* ASSIGNMENT: Would you return the data exactly as given, except for its pictures?

↓↓↓

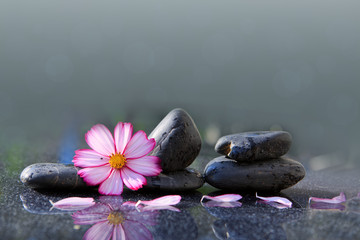 Black spa stones and pink cosmos flower isolated on green.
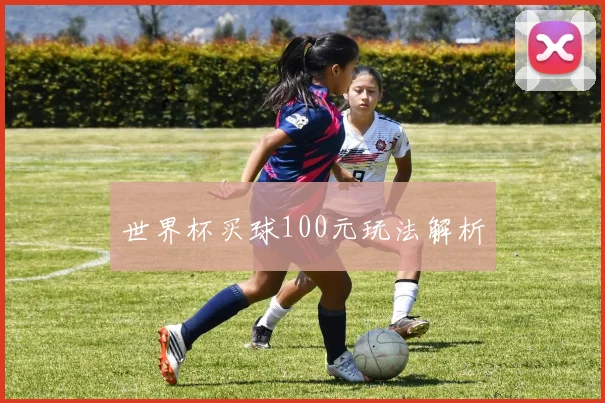 世界杯买球100元玩法解析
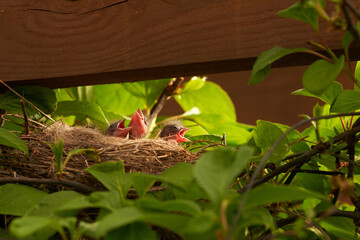 A nest with voracious chicks among the foliage at the top of a liana tree under the roof of a summer house.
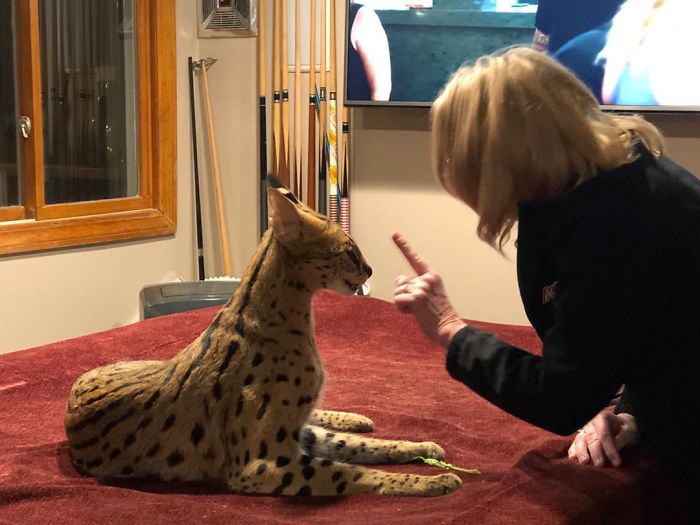 This 40-Pound African Cat Is Reunited With His Owners After Running Away And Spending 3 Days In The Wild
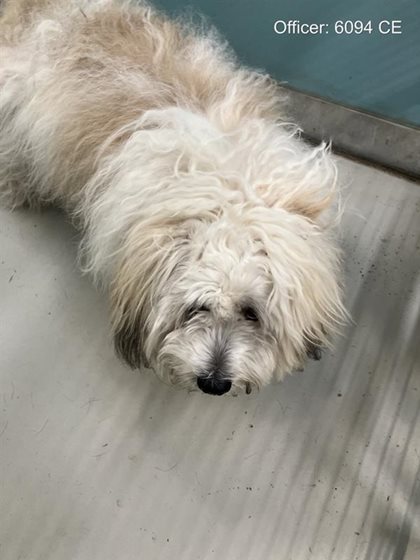 White  Dog, impounded 23 June 2026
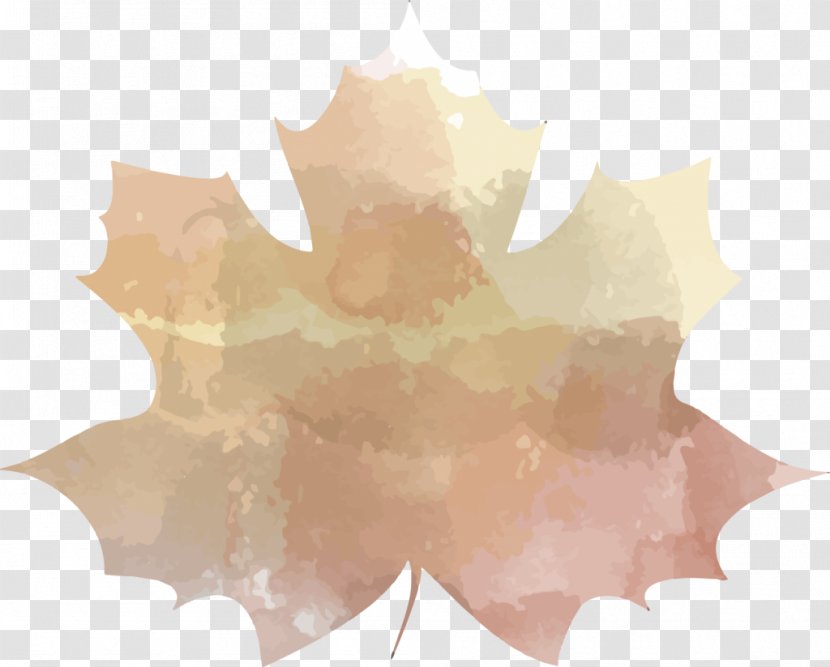 Maple Leaf - Tree Transparent PNG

↑↑↑

* OUTPUT BELOW:
 Black spa stones and pink cosmos flower isolated on green.
 世界杯买球100元玩法解析
 A nest with voracious chicks among the foliage at the top of a liana tree under the roof of a summer house.
 This 40-Pound African Cat Is Reunited With His Owners After Running Away And Spending 3 Days In The Wild
 White  Dog, impounded 23 June 2026
 Maple Leaf - Tree Transparent PNG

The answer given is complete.